Set in contemporary Glasgow and told in the alternating voices of two sisters, Nelly and Marnie and their gay neighbor, Lennie, The Death of Bees is richly atmospheric, a tale of two orphaned children forced into a battle of survival after their parents suddenly disappear. Marnie informs her younger sister that “we’re on our own now,” because their junkie mother and father, Izzy and Gene, are most probably dead or “gone to Spain.” The girls have become encumbered by their place in a society that seems to openly disapprove of them.

As ladylike 12-year-old Nelly perpetually sucks on her cornflakes and coke and 15-year-old Marnie, a bright girl with an “utterly destructive temperament,” ponders the “pervert living next door,” O’Donnell takes great pains to show that the girls and Lennie are victims of society's expectations. Lennie lives in a virtual wilderness after the death of his lover, Joseph, and his cruel branding as a sex offender by the neighbors after he used his dog as an excuse to seek out rent boys in the public park. Even as the callousness quickens Lennie’s blood, he does little more than watch the girls dig and garden for days, blissfully unaware of the menace that hovers near.

Marnie, on the other hand, is well aware of Lennie’s presence, but she’s suddenly afraid of everything outside of the house. She gets the fright of her life when she sees Lennie at the bottom of the garden, his dog pulling at the wild lavender and threatening to uncover the secret that is buried there. While Nelly is sullen, inhabiting her own little world, Lennie begins to take the sisters’ concerns seriously, his paternal desires set in stark contrast to grandfather Robert T Macdonald, who turns up looking for his daughter.

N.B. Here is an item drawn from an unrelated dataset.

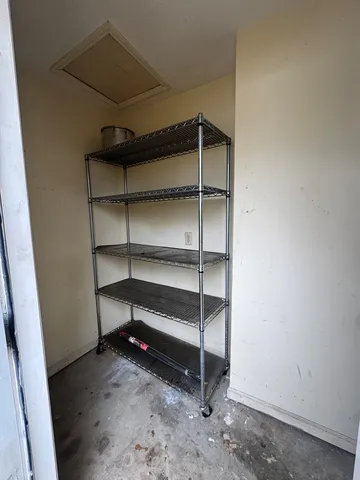 a backyard of a house with yard and garage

A staunch conservative, Robert T MacDonald isn’t prepared for Nelly and Marnie’s tenuous state even as he waxes and wanes with regret, full of remorse and shame over how he treated their mother.

Into this landscape of moldy housing estates, junkies, wet weather and suppurating resentments, O’Donnell introduces us to a drug dealer called Vlado and an ice-cream vendor named Mick who seems at first to offer truant, streetwise Marnie and innocent Nelly a way out of their situation. Hardened by urban living, neglect and poverty, the sisters long ago abandoned hope. Fueled by years of resentment, Marnie in particular is forced to snatch whatever is offered and to grab at the things put upon them by strangers, the “unnatural comforts and the abhorrent cruelties."

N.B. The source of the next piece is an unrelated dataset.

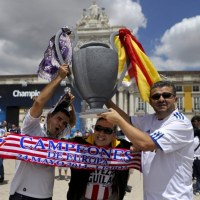 Kibice Realu Madryt i Atletico Madryt trzymają trofeum. 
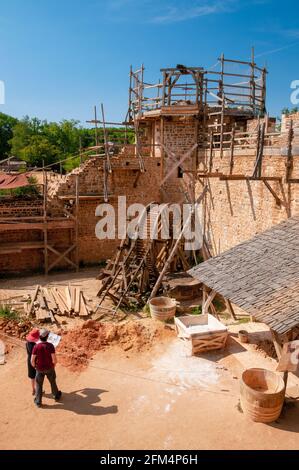 Medieval construction site of the castle of Guedelon with a treadwheel winch, Yonne (89), Treigny, Bourgogne-Franche-Comte region, France Stock Photo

The bleak beauty of Glasgow’s setting and Marnie’s unquestionable bond with Nelly clashes dramatically with the terrible, throbbing secret that connects the three main characters. With violent inevitability, Lennie learns what he must about the sisters and come to terms with the nature of his feelings while also finding the courage to respond to them with compassion and understanding. The reader is fully aware that Marnie and Nelly are going to undergo the impossible--kick the urge to look for a father figure and cultivate a relationship with a lonely man who has nothing to do with a mother who neglected her children and who hated herself mostly on account her of her own father.

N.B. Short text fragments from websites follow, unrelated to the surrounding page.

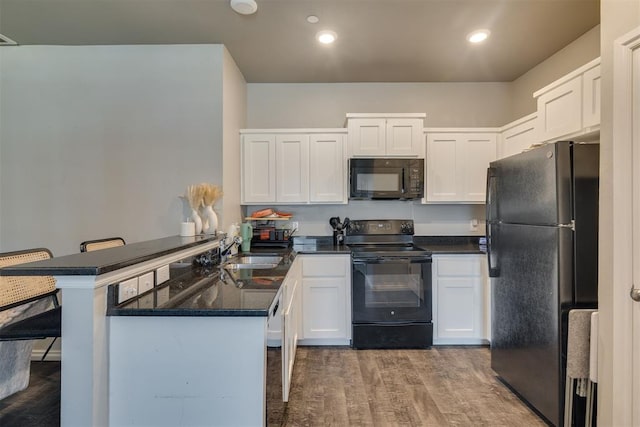 1010 SW 91st St, Oklahoma City, OK 73139 - kitchen featuring black appliances, a peninsula, wood finished floors, white cabinetry, and a kitchen breakfast bar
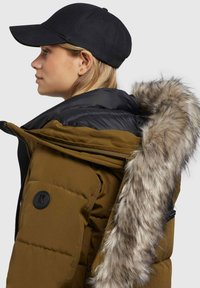 Tans puffjacka med svart dragkedja och avtagbar faux fur-huva. Har en svart cirkulär logotyp på ärmen och en svart keps.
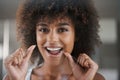 African woman, dental floss and happy in portrait for oral wellness, health and benefits for mouth in bathroom. Girl Royalty Free Stock Photo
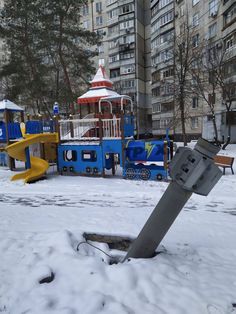 a playground in the middle of winter with snow on the ground and children's play equipment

O’Donnell thinks nothing of leaving us out in the cold as she explores her characters’ motives and means then brings from somewhere out of left field a plot thread involving a long hidden stash of drug money. Marnie and Nelly fight to keep their lives intact, far from the meddlesome network of social services as opportunity and cruelty merge in this tale of bleak psychological acuity. Everyone has a motive, and the sisters are forced to run once more from their grief and secrets.